Апостол Павел. Обоснование универсализма | страница 41
Заметим мимоходом, что Павел указывает на возможный четвертый дискурс, помимо греческого (мудрость), иудейского (знамения) и христианского (событийная декларация). Этот дискурс, который Паскаль попытается ввести в век классического разума, мог бы стать дискурсом чуда. Павел указывал на него как на дискурс субъективного восхваления. Это дискурс невыразимого, дискурс не-дискурса. В нем субъект предстает как мистическая глубина и безмолвие, обитаемый «невыразимыми словами» (arreta remata) что лучше всего, было бы перевести как «несказанность сказываемого»), очудотворенный субъект. Но эта четвертая субъективная фигура, раскалывающая апостола, не должна входить в декларацию, которая, напротив, подкрепляется бесславной слабостью. Она остается незадействованной, и Павел — в противоположность Паскалю — убежден, что христианский дискурс, похваляясь ею, ничего не выигрывает. Четвертый дискурс (чудесный или мистический) никому не адресован. Это значит, что он не смог бы войти в поле проповеди. Тем самым Павел оказывается большим рационалистом, чем Паскаль: попытки оправдать декларацию престижем чуда напрасны.

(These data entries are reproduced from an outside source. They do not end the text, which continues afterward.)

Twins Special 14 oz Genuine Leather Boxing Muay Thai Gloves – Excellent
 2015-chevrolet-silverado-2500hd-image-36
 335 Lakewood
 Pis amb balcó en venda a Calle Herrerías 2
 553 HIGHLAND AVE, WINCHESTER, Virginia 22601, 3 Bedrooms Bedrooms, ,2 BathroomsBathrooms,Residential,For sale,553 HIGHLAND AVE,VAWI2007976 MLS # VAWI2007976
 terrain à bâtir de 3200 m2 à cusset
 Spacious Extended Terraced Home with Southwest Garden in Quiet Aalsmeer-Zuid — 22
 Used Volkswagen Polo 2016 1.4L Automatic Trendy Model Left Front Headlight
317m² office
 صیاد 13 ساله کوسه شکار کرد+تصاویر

Четвертый дискурс останется для Павла немым дополнением, замыкающимся на Другое субъекта. Он отвергает то, что адресованный дискурс, дискурс декларации и веры, аргументируется дискурсом не адресованным, сутью которого является несказанность сказываемого.
Я полагаю, что для всякого активиста истины в этом имеется важное указание. Напрасны попытки легитимизировать декларацию ссылками на интимные истоки чудесной коммуникации с истиной. Оставим истину в ее субъективной «без-гласности», ибо она конституируется только трудом ее декларации.
Я назвал бы «обскурантистским» всякий адресованный дискурс, пытающийся опираться на дискурс не адресованный. И надо определенно сказать, что Паскаль, когда он хочет обосновать превосходство христианства за счет чудес, без сомнения больший обскурант, чем Павел, поскольку он хочет скрыть чистое событие гипнотизирующим вольнодумца подсчетом шансов.
Очевидно, Павел не лишен хитрости, когда он дает понять — не навязывая, но и не умалчивая, — что сам он внутренне расколот на человека восхваления, «восхищенного» субъекта и человека «немощной» декларации. Но у него, в данном случае единственного из признанных апостолов, бесспорно есть анти-обскурнтисгское этическое измерение. Павел просто запрещает обосновывать христианскую декларацию невыразимым. Для него нестерпимо, когда христианский субъект обосновывает свои слова несказанным.